(Short text fragments from websites)
= = = = = = =

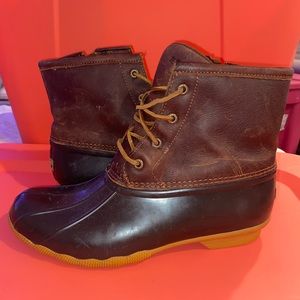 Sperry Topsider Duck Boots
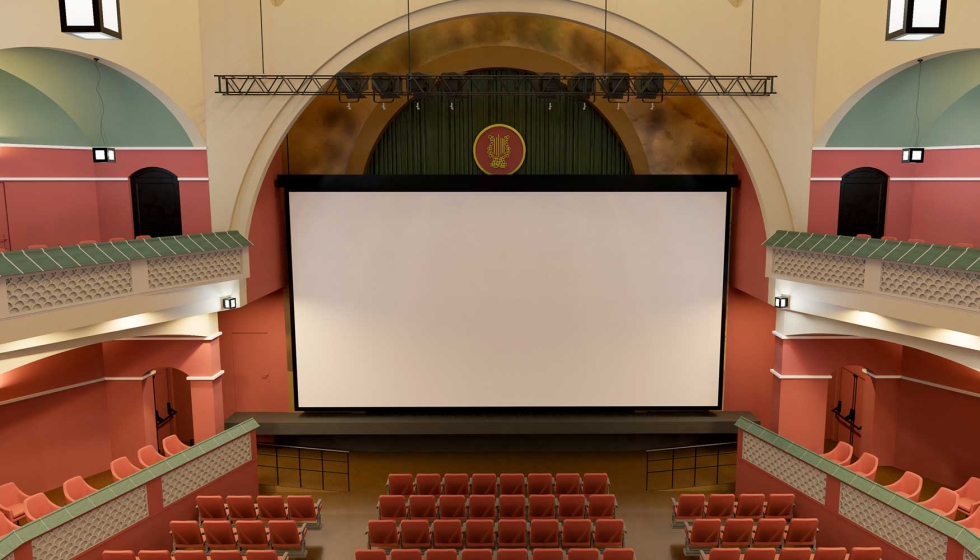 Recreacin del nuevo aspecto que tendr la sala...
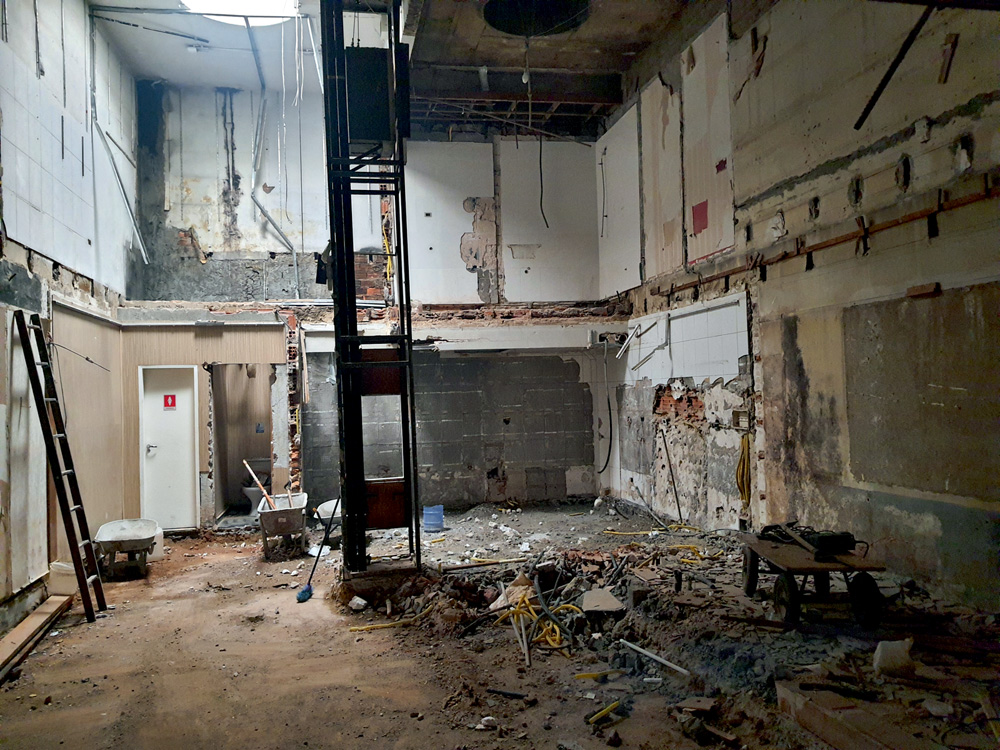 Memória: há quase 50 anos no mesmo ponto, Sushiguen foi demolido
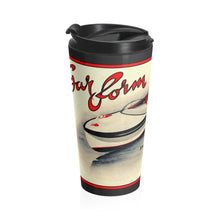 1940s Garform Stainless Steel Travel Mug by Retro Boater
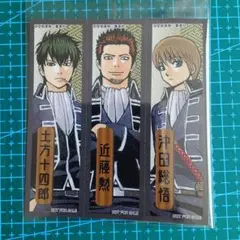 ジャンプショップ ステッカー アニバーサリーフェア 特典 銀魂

= = = = = = =

If a line falls between the one containing "Memória: há quase" and the last line of the entries above, both included, reproduce it exactly; leave the pictures out.

 Memória: há quase 50 anos no mesmo ponto, Sushiguen foi demolido
 1940s Garform Stainless Steel Travel Mug by Retro Boater
 ジャンプショップ ステッカー アニバーサリーフェア 特典 銀魂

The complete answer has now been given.